PartnerRe, the reinsurance firm acquired by the Italian conglomerate EXOR, reported a fourth-quarter net loss as it suffered significant investment losses on fixed income securities following on from the increase in U.S. risk-free rates.
The increase in risk-free rates was expected to negatively impact some reinsurers in late 2016, although to date the impact appears marginal for most. PartnerRe, due to the composition of its investment portfolio has suffered more than most, bringing it to a quarterly loss.
A -1.9% return on the PartnerRe investment portfolio in the quarter reflects a $312 million net investment loss “largely driven by the realized and unrealized investment losses of $388 million, partially offset by net investment income of $105 million.”
The reinsurer explained; “The negative total net investment return in the fourth quarter of 2016 was primarily generated by fixed income securities, driven by the significant increase in U.S. risk-free rates (85 basis points on the 10-year US Treasury in the quarter), partially offset by narrowing credit spreads.”

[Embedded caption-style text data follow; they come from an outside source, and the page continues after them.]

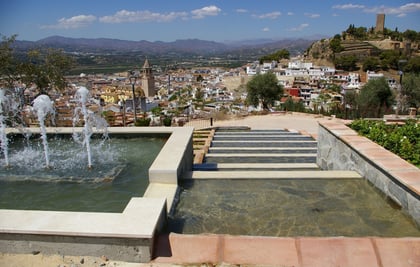 Fuente ornamental velez malaga 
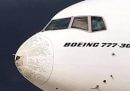L'aereo di Emirates colpito dalla grandine subito dopo la partenza da Malpensa
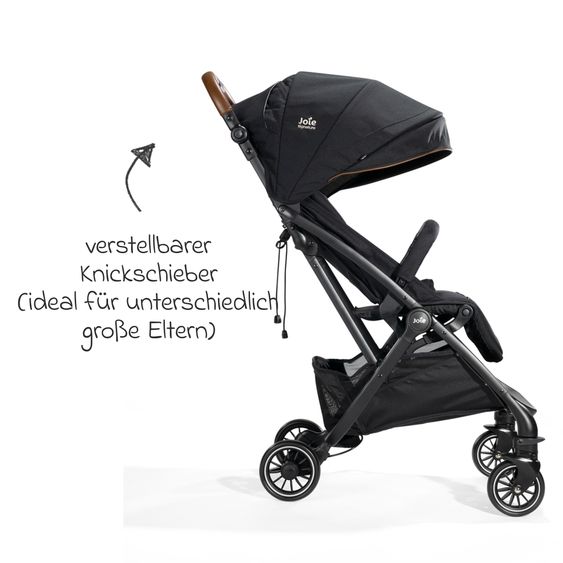 Joie Signature Reisebuggy & Sportwagen Tourist bis 15 kg belastbar nur 6,6 kg leicht mit Liegefunktion inkl. Regenschutz, Adapter, Tragegurt & Tragetasche - Signature - Eclipse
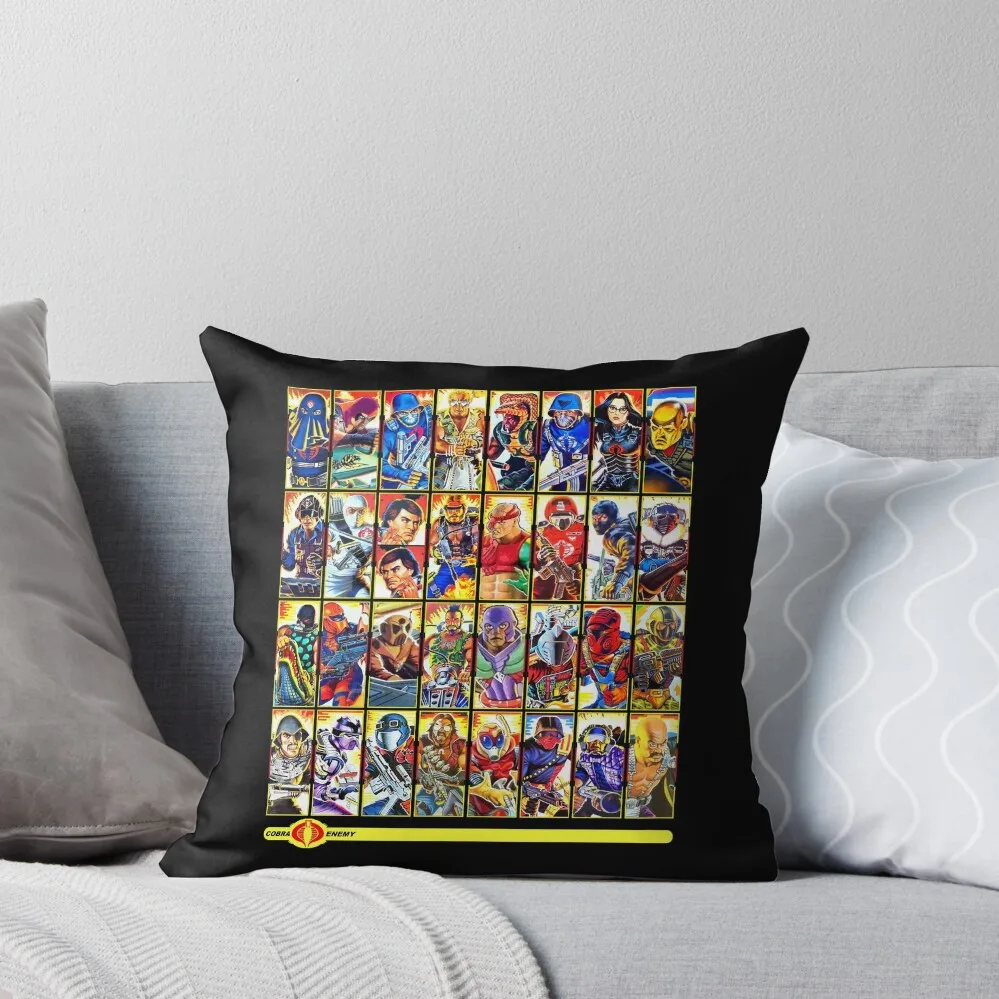 

G.I. Joe in the 80s! Cobra Edition! Throw Pillow luxury home accessories Marble Cushion Cover pillow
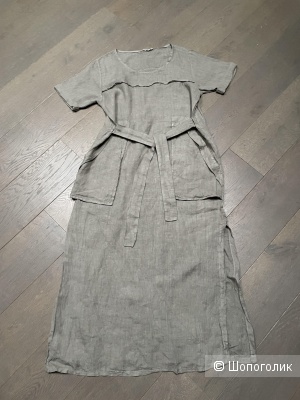 Платье лен бохо шик Taupe Italy Lino, 44-52
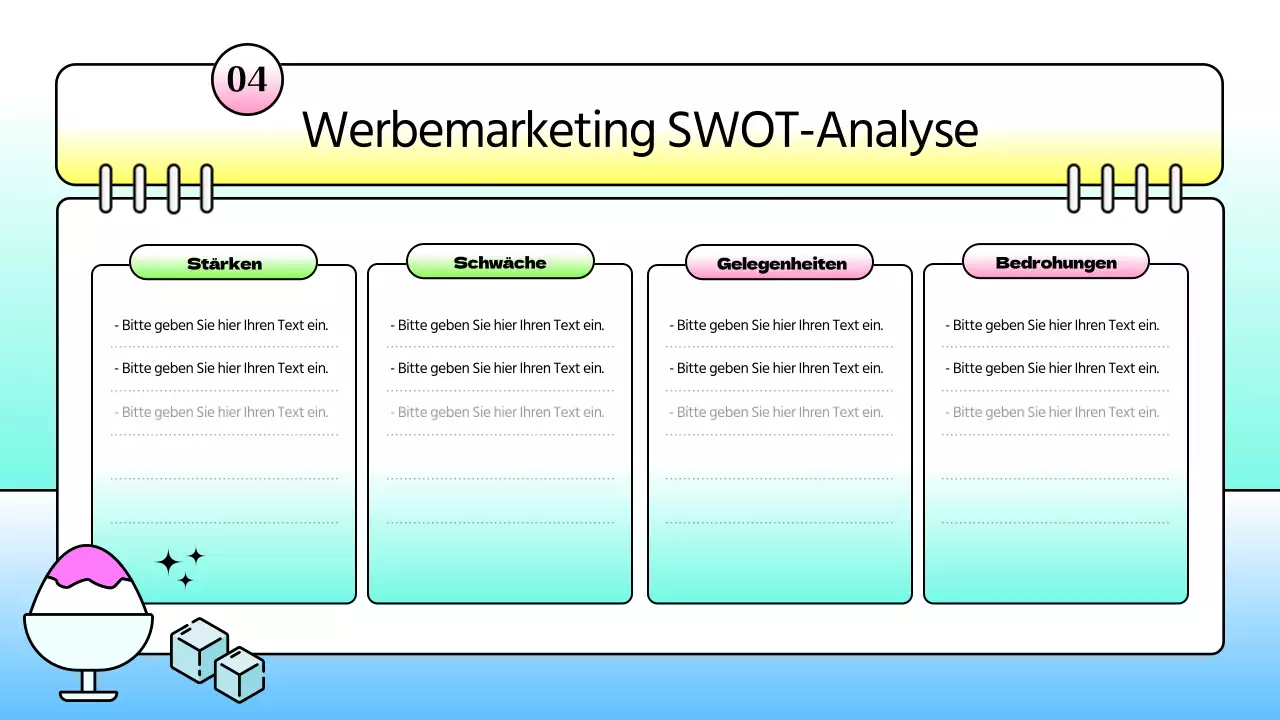 Kitschiger Strategiebericht mit Urlaubskalenderkonzept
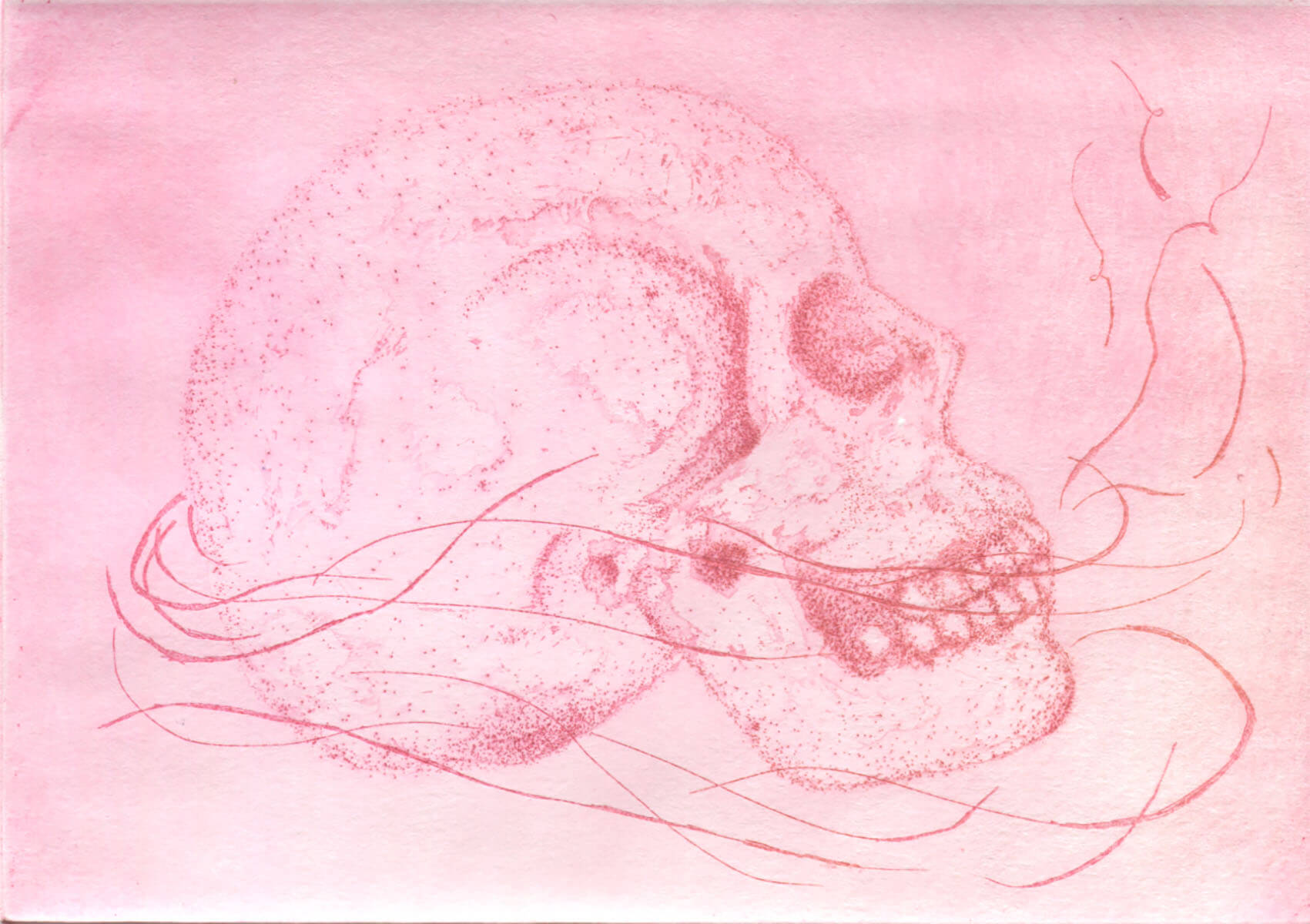 Click to view Student: Arianna Labetti-Course: Print Intaglio Relief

The impact of the investment loss is a net loss of $191 million for the fourth-quarter of 2016, with negative return on equity of -12.4%.
The fourth-quarter saw impacts from hurricane Matthew and other attritional catastrophe and weather events, which meant that operating earnings were $151 million, down from $206 million in the prior year quarter.
PartnerRe President and Chief Executive Officer Emmanuel Clarke, commented; “We delivered good operating results in the fourth quarter with an annualized adjusted Operating ROE of 9.8%. The Non-life combined ratio of 89.6%, notwithstanding losses related to Hurricane Matthew, highlights our underwriting discipline while favorable prior year development continues to remain strong. In the current market conditions, we are undertaking the right underwriting actions to better serve our core clients while preserving our long-term capital strength.”
But look beyond the investment loss and PartnerRe’s performance across the full-year 2016 shows a significant improvement over the prior year, with net income of $447 million up significantly from just $107 million in 2015.
The reinsurer is perhaps the first to show such a major impact from the increase in U.S. rates, but given the construction of its investment portfolio that will have been unavoidable and some companies were always going to be hit as rates rose.